No, Deities isn’t revolutionary. It’s not shaping genre in its own image either in the stoned or other heavy styles. It has a presence and a personality of its own, to be sure, but that comes well within the borders of genre, and the sense one gets from Tortuga is that they know it, they celebrate it, they want to celebrate it with their audience, as if to say, ‘Come check out this very, very large sound we have made.’ Or perhaps alternately, ‘Come dig in with us.’ Thus Deities, like religious dogma, offers an inherent feeling of community for those who listen and ‘get it.’ It’s not going to be everybody, but if you can hear the fun in “Esoteric Order” and “For Elizard,” then that invite to dig in should be a simple enough RSVP. Tortuga are the converted, holding a mass for the converted, and as much as their theme on Deities is hyper-specific, that ethic is mirrored in their instrumental bent. They know what they want to sound like because they know what they like. They are well and truly dug in, and unto its last drone, Deities is that much stronger an offering because of it. I don’t know if the Great Old Ones dig riffs or not, but if not, they’re missing out here.

As always, thanks for reading. I hope you enjoy.

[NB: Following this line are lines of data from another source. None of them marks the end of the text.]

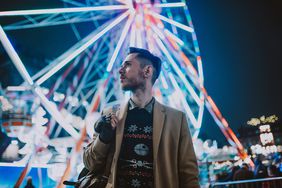 Stylish Young Man at a Carnival/Funfair Standing in Front of a Big Wheel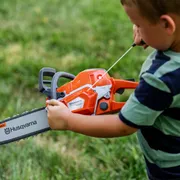 Child holding a Husqvarna toy chainsaw in a grassy area.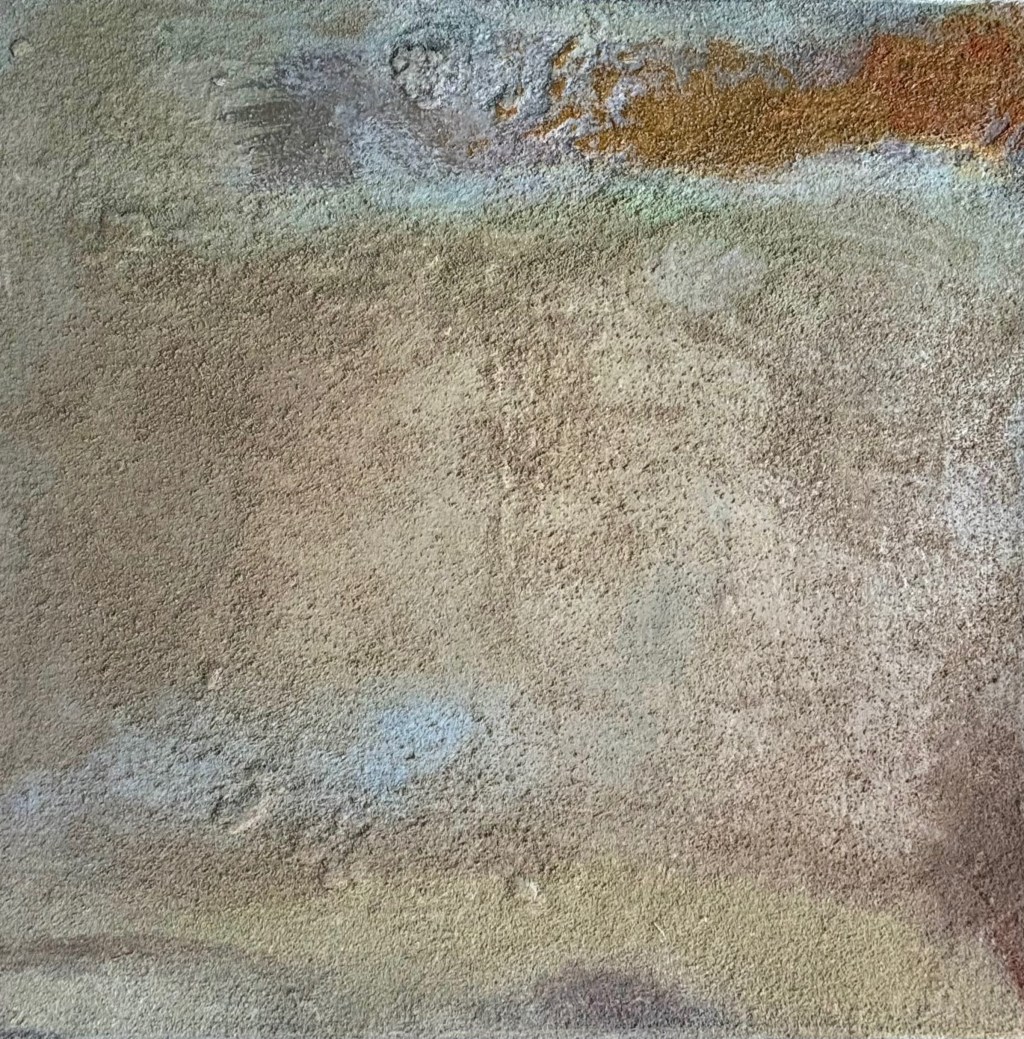 An ochre cloud in the right sky provides contrast to the landscape below.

Already this morning, the kid’s up. 5:06AM he came downstairs the first time. I was about two and a half paragraphs into the above. I put him back to bed — because, well, that’s too fucking early for him to be up — told him I’d set a timer for an hour and to go back to sleep. It’s 5:35AM right now and he’s come out of his room twice since, so really I’m just delaying the inevitable trying to get him some more rest which he’ll need so that at 2PM he doesn’t collapse into being a complete bastard because he’s too tired, and allow myself some time to work. I expect and know this effort will fail.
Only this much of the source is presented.